|Or you could vote Green?|
The election is finally over and the good burghers of Dudley can sleep tonight reassured in the knowledge that the borough is in firm solid/stolid hands. As predicted by no one, and especially not the political pundits who are paid vast amounts to pontificate on this sort of thing, the National Bolshevists have regained control of this picturesque principality as it nestles in the loins and spleen of the glorious West Midlands. The National Bolshevist leader, Mr David Cometoosoon, had this to say on the day of his affirmation as Dudley's leader: "I intend to heal the lesions and divisions which have rent this great town from North to South. The good citizens of North Dudley should not feel disenfranchised at my stunning and largely bewildering victory. After healing the gaping wounds with a soothing salve and the wave of a magic wand I will lead a united Dudley into the 22nd century. Remember, in the land of the stupid, the half-wit is king".

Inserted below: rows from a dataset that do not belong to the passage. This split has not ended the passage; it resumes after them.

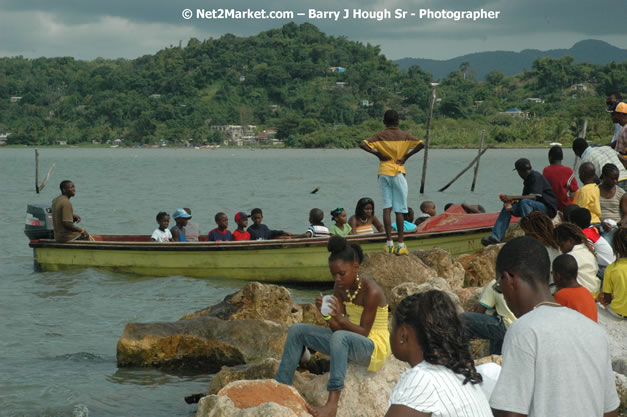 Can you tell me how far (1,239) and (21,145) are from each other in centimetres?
14539

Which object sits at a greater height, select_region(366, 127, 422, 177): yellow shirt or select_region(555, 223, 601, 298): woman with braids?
select_region(366, 127, 422, 177): yellow shirt

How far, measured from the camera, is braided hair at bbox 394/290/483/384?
2.98m

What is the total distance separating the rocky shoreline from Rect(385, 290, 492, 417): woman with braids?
2422 millimetres

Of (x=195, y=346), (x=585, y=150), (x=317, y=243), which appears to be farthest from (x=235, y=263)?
(x=585, y=150)

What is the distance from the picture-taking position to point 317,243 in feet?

The leader of the opposition, Ed Milletseed, was thoroughly trounced by an electorate who turned their heavy posteriors (Arse, big fat, Arrrrse) to the opposition leader and farted gratefully in his general direction/election. Although the darling of the unbiased media, Millisecond, failed to inspire or convince the electorate that he was not a smarmy, oily, toad of a man with a speech impediment. However, it is conceded, that generally, this has never been an obstacle for most politicians. Mr Milledeed, acknowledged defeat today and is expected to step down as party leader for someone less foreign looking.

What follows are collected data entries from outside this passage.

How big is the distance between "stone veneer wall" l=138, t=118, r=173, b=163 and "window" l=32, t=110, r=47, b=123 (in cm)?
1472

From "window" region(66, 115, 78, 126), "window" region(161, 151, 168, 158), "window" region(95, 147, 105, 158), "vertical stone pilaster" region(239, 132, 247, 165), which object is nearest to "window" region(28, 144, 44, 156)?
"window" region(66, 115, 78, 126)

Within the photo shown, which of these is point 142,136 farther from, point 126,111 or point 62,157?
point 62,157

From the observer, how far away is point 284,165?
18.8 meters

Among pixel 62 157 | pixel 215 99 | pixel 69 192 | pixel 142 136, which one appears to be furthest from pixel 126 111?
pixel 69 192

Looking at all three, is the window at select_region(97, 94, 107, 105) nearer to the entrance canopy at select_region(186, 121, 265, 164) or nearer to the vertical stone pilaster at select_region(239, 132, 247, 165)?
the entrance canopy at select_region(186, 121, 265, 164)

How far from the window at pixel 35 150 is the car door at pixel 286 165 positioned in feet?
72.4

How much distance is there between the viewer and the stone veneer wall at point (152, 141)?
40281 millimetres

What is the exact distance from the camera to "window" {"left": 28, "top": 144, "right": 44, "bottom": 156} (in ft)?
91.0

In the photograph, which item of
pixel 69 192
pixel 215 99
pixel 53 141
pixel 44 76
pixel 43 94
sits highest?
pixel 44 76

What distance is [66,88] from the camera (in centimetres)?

Mr Hick Nag of the 'Inconsequential Party' and erstwhile coalition leader, lost the seat of his trousers and was soundly ignored by the electorate. The 'Limp-Hens' have never been serious contenders and failed to ignite the bonfire of apathy in an electorate who could care less. Mr Hag, will also step down as leader after his party's dismal showing at the polls. He is expected to disappear into political limbo and is unlikely to be offered a lucrative and cushy post with an ineffectual, but revenue wasting, international agency.
The surprise of the today must be attributed to Mrs Kranky of the succulently/succinctly named: 'Party for the Independence of North Dudley and Environs'. The North Dudley folk have always seen themselves as 'special' and unconnected from the suave and sophisticated South. North Dudley has, over time, become a repository for those favouring a wan complexion and a leaning toward a ginger crown. 'Ginger' is seen as an affliction by the 'European Commission' and is well known to segregate with pugnaciousness (not a real word) and a fondness for the grape (surely some mistake) and consequently is eligible for ridiculous amounts of other people's money. The North Dudley electorate, in a breathtaking sweep of defiance, have seen fit to elect a conclave of Mrs Kranky's cronies. The result is seen as a resounding poke in the eye to the elitist and Southern led National Bolshevist Party. Mr Comeroundtomyplace is expected to concede, at least rhetorically, and then do nowt. As he has the majority in the 'Council House' he can say and then do as he likes, at least until it comes to be being re-elected, once again. The watchword will be: 'Take heed by word if not by deed'. The refrain of every successful politician.